What you need to do – Please repeat the lines below, exactly and only, from the one that holds "Intrepid Sea, Air" through the one that holds "Mid century original".

Given data –
- Opening Delimiter -

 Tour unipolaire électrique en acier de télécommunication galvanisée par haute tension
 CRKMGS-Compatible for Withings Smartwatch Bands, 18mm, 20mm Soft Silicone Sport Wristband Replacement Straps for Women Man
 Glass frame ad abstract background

- Closing Delimiter -
- Opening Delimiter -

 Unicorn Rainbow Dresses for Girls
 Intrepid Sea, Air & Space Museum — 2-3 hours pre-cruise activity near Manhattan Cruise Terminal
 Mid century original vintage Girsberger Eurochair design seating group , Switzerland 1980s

- Closing Delimiter -

Answer to the problem –
 Intrepid Sea, Air & Space Museum — 2-3 hours pre-cruise activity near Manhattan Cruise Terminal
 Mid century original vintage Girsberger Eurochair design seating group , Switzerland 1980s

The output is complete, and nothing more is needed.